Oscars 2026: Best Picture Nominees Paint a Picture of a World on the Run
The 2026 Academy Award nominations for Best Picture have arrived, and they present a cinematic landscape that is both entertainingly frantic and defiantly political. This year's slate of films projects an image of a world turned upside down, where heroes are constantly dodging injustice, prejudice, and danger in frenzied flights toward salvation.
A Cinematic Principle of Abundance
During the Renaissance, artists embraced a principle known as copia, or abundance, believing that depicting the wealth of creation required richness, intricacy, and variety. Today's top directors seem to agree, as many of this year's Oscar nominees are epic in scale. "Sinners" has set an all-time record with 16 nominations, while "One Battle After Another" has 13, and "Marty Supreme" has nine. All these films run well over two hours, offering more bangs for your buck in response to cinema's box-office woes.
Genre-Bending Narratives and Political Undertones
These are overstuffed movies that careen through moods and genres—from sports flick to bildungsroman, or thriller to Western. "Sinners" is a fantasia about twin gangsters, both played by Michael B. Jordan, who open a juke joint in Mississippi in 1932. It incorporates elements of musical, horror, and the blues, tackling themes like the Ku Klux Klan and vampires.
In "One Battle After Another," Leonardo DiCaprio is chased relentlessly across cities, rooftops, and deserts in a parallel America where lawless militias hunt down immigrants. "Marty Supreme" is a madcap caper about a table-tennis hustler in the early 1950s, featuring two competing love stories and a gunfight over a stolen dog.
Uncompromising Political Statements
At a time when some showbiz bigwigs fear offending the powerful, these films pack politics into rollercoaster stories. They convey a sense that life is too mercurial and overwhelming to fit into neat formats or plots, and it is also unfair. While "wokeness" is said to be retreating and some media executives kowtow to the White House, these nominees are uncompromising, dressing argument in fantasy and period costume.
The new "Frankenstein"—which also has nine nominations—gives its mythic narrative a political edge, with the scientist depending on an arms dealer for funding and battlefields for corpses. America's discussion of race is vivid and irrepressible in these films, with segregation and exploitation stalking "Sinners" and a white-supremacist cabal as the ultimate villains in "One Battle After Another."
Standout Moments and Symbolism
In "Marty Supreme," the striving hero is Jewish, and the world is not his friend, peopled with corrupt cops, vicious hoodlums, and bullying tycoons. A standout sequence includes a brief but haunting flashback where a concentration-camp survivor recounts smothering his body in honey to feed fellow prisoners, implying the whole saga unfolds in the shadow of the Holocaust.
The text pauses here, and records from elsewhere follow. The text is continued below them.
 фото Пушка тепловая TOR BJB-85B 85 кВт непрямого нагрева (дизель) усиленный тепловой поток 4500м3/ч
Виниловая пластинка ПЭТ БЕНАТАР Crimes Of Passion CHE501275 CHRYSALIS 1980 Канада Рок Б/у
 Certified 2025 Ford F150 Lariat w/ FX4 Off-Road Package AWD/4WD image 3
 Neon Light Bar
"Sinners" has its own daringly symbolic moment, where a blues song conjures up the spirits of black artists past and future, from West African musicians to hip-hop DJs. In "One Battle After Another," a hallucinatory car chase along a dipping road hints that its struggle is unending.
The Exception: "Hamnet"
An exception to all this frantic energy is "Hamnet" (eight nominations). Bucking the old rule about not working with children and animals, this film tells the story of William Shakespeare's marriage, the birth of his offspring, and the death of his son. Staged in a narrow, muddy world of timbered houses and inglenook fireplaces, it focuses on domestic joys and tragedy rather than Shakespeare's seismic career.
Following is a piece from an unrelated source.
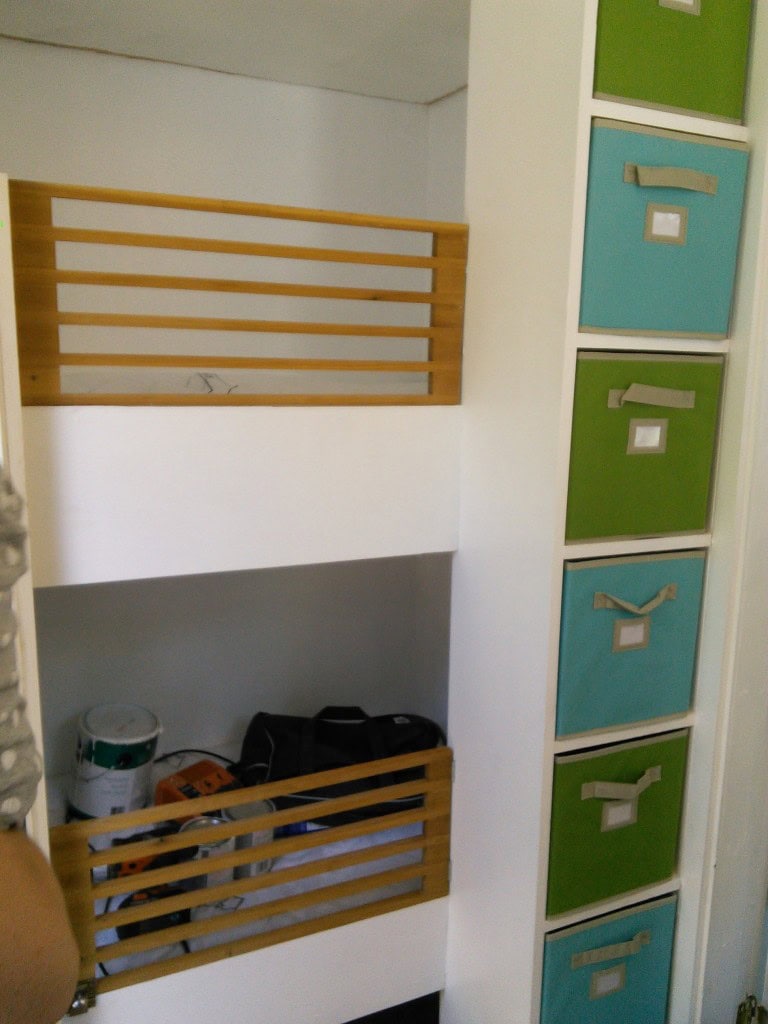 The completed assembly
The real protagonist is his wife, here called Agnes and played by Jessie Buckley, a hot favourite for Best Actress. Her wails in childbirth and after her boy's demise are the film's most piercing sounds. The quietness of "Hamnet" distinguishes it in a noisy, frantic field of nominees.
Crowd-Pleasers That Take Risks
These crowd-pleasers that take artistic risks deserve their success, though they are largely dominated by men who do most of the frenetic running and fighting. The old-fashioned template for screen heroism seems as unkillable as those vampires in "Sinners." At this year's Oscars, while "Hamnet" offers quiet reflection, the rest of the nominees are filled with the sound of sirens and relentless motion.